In Eqs 11 and 12, K_cmid,K_cend were adjusted by reference coefficients K_cmid(Tab),K_cend(Tab). No adjustment was required when K_cend(Tab)0.45. K_cini was determined comprehensively by the magnitude and time interval of wetting events, soil texture, and reference evapotranspiration. RH_min is daily minimum relative humidity (%), u₂ is the daily wind speed at 2 m height (m/s), and h is plant height during the growth stage (m). In Eq. 13, e⁰(T_dew)ande⁰(T_max) represent the saturation vapor pressure under mean dewpoint temperature and mean daily maximum air temperature, respectively. In arid and semiarid climates, T_dew can be replaced by subtracting 2°C from the average value of T_min.

Based on this, we got K_c coefficients of wheat and maize in Zhangye in different growth stages. We showed growth stages length and K_c coefficients curves of wheat and maize in Zhangye (Table 1 and Figure 3). We also obtained the accumulative crop water requirement per unit area during the entire growth period, ET_c(m³/hm²). In Eq. 14, we further calculated the total crop water requirement, namely, the virtual water content of the crop, VWC_c(m³) by combining with yield per unit area Y_c and crop yield A_c.

$VW{C}_c=\frac{E{T}_c}{Y_c}\times A_c(14)$

TABLE 1

Table 1. Growth stages length of wheat and maize in Zhangye (unit: days).

FIGURE 3

Figure 3. Crop coefficients K_c curves of wheat and maize in Zhangye.

Results

Water Consumption of Different Industrial Sectors

By analyzing the composition of water consumption coefficients of each industrial sector calculated by the IO model, we found the structure and intensity of water consumption when providing sectoral final products (Table 2). Planting was the largest water consumption sector, whose direct consumption accounted for the most. The direct water consumption coefficient (d) of the planting sector was 3,307.47 m³/yuan in 2012 and 2,311.78 m³/yuan in 2017, more than 100 times higher than that of other sectors. Furthermore, the direct consumption coefficients (d) were relatively higher in sectors, including non-metallic minerals mining and dressing, chemical industry, and electricity and heat production and supply, which were regarded as direct water consumption sectors along with agriculture. In contrast, coal mining and dressing sector sectors in the manufacturing industry (other than the chemical industry and petroleum and coking processing sector), and all sectors in construction and service industries were all indirect water consumption-dominated sectors. Specifically, the service industry rarely consumed water directly. The direct consumption coefficients (d) were less than 1 m³/yuan in 2012 in service sectors, including finance, real estate, telecommunication, computer and software services, and education, health, cultural, and sporting services. The manufacture of food products and tobacco processing sector was the second-largest water consumption sector after agriculture. It had the highest indirect water consumption coefficient (k) among all sectors with 527.31 m³/yuan in 2012 and 472.25 m³/yuan in 2017, accounting for approximately 99% of its total water input coefficient. Besides, the indirect consumption coefficients (k) were generally higher than the direct consumption coefficients (d) in the construction and service sectors, and coal mining and dressing sectors, accounting for 93.5, 80, and 86% of their total water input coefficients (t), respectively. These sectors consumed water mainly from intermediate inputs of products and services and were regarded as indirect water consumption sectors.

TABLE 2

Table 2. Water consumption coefficients of Zhangye industrial sectors in 2012 and 2017 (unit: m³/yuan).

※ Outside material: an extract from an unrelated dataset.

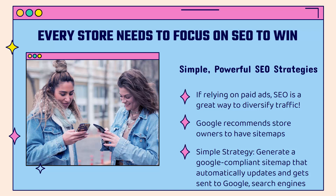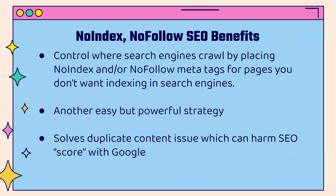One strategy is having a sitemap. Google recommends store owners have a sitemap, and it's a really simple strategy. You basically generate a Google-compliant sitemap that gets automatically updated with every single page and product on your store, and it gets automatically submitted to Google and all the other search engines. This is one of the things where Google is openly about it being a big benefit SEO-wise, as it helps them organize your site better and show it in more searches.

Water consumption intensity in all sectors averagely decreased by 22% in 2017 compared with 2012 (Table 2). Specifically, the total water input coefficient (t) of the electricity and heat production and supply sector decreased the most by 58.9%, followed by the non-metallic minerals mining and dressing sector by 50.5%. As the largest water consumption sector, the total water input coefficient (t) of planting decreased by 30.3%. Conversely, the direct consumption coefficients (d) of the service industry increased significantly by 1.5 times, and water consumption intensity in wholesale and retail trade services and accommodation and food-serving services increased by 17.6 and 25.2%, respectively. Although total water consumption intensity decreased, some indirect water consumption coefficients (k) still increased in sectors, including the chemical industry, coal mining and dressing, metallic ore mining and dressing, and metal smelting and pressing. These sectors alleviated their own water stress by increasing intermediate inputs from other sectors. Our results showed that water utilization efficiency in most of the sectors in Zhangye has increased. However, direct water consumption intensity in the service industry was increasing with its gradual increasing proportion in economic industries, which has restricted the water utilization efficiency in the service industry.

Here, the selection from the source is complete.